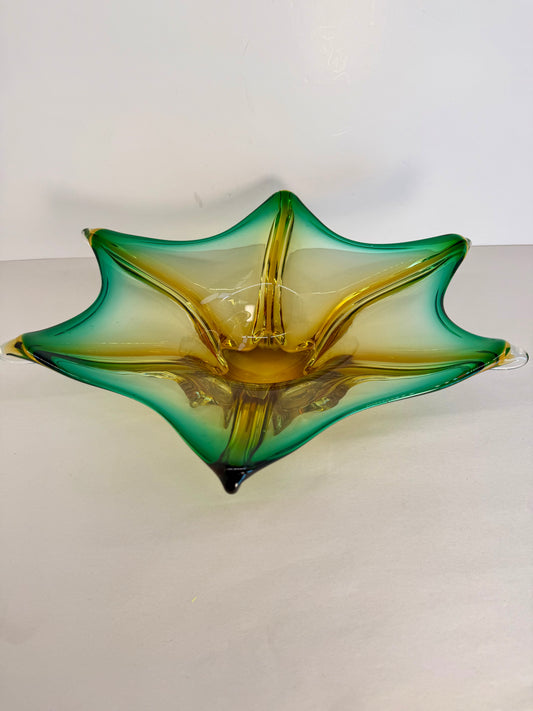Art Glass Yellow Green Bowl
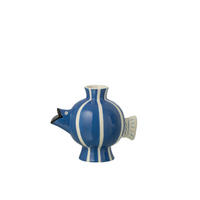 VASE FISCH BALL GESTREIFT DOLOMIT Blau - Blau, Keramik (17cm) - J-Line
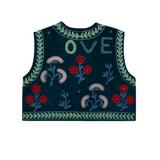 Love embroidered vest, medium blue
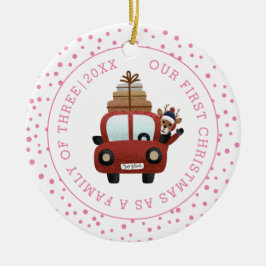 Unsere ersten Weihnachten als Eltern Auto rosa Fot Keramik Ornament
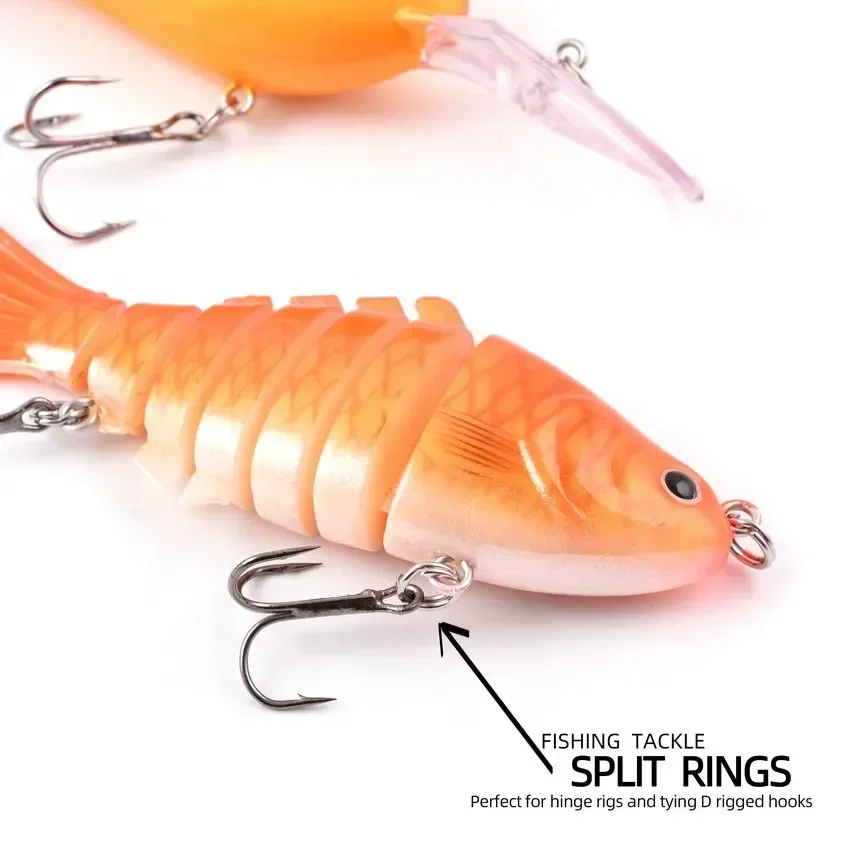 50pcs/box Fishing Split Rings Crank Hard Bait Snap Silver Stainless Steel Double Loop Split Open Carp Fishing Lure Pesca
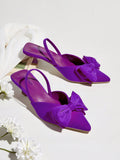 Comfortable Spring/summer New Style High Heels With Pointy Toe & Bowknot Detail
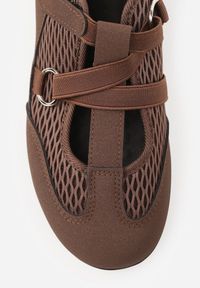 Renee - Brązowe Tenisówki Sneakeriny z Siateczki z Zapięciem na Rzep Vianate. Okazja: na co dzień. Zapięcie: rzepy. Kolor: brązowy. Materiał: skóra, koronka. Styl: casual #7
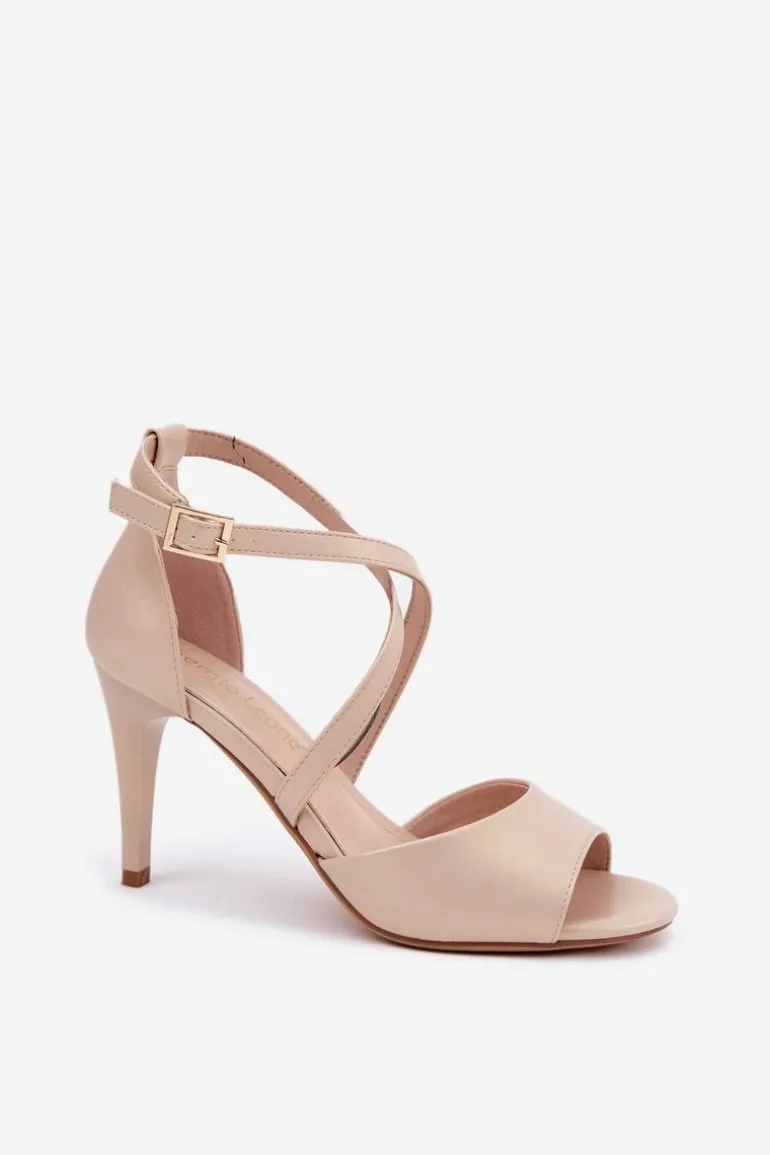 Modne Sandały Na Szpilce Złote Loressa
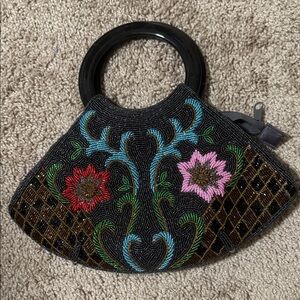 Cameco Vintage Embroidered Black Beaded Handbag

→ **PROBLEM**
Through to the final line, copy the material above exactly and skip the images.

→ **FINISHED EXERCISE**
Art Glass Yellow Green Bowl
 VASE FISCH BALL GESTREIFT DOLOMIT Blau - Blau, Keramik (17cm) - J-Line
 Love embroidered vest, medium blue
 Unsere ersten Weihnachten als Eltern Auto rosa Fot Keramik Ornament
 50pcs/box Fishing Split Rings Crank Hard Bait Snap Silver Stainless Steel Double Loop Split Open Carp Fishing Lure Pesca
 Comfortable Spring/summer New Style High Heels With Pointy Toe & Bowknot Detail
 Renee - Brązowe Tenisówki Sneakeriny z Siateczki z Zapięciem na Rzep Vianate. Okazja: na co dzień. Zapięcie: rzepy. Kolor: brązowy. Materiał: skóra, koronka. Styl: casual #7
 Modne Sandały Na Szpilce Złote Loressa
 Cameco Vintage Embroidered Black Beaded Handbag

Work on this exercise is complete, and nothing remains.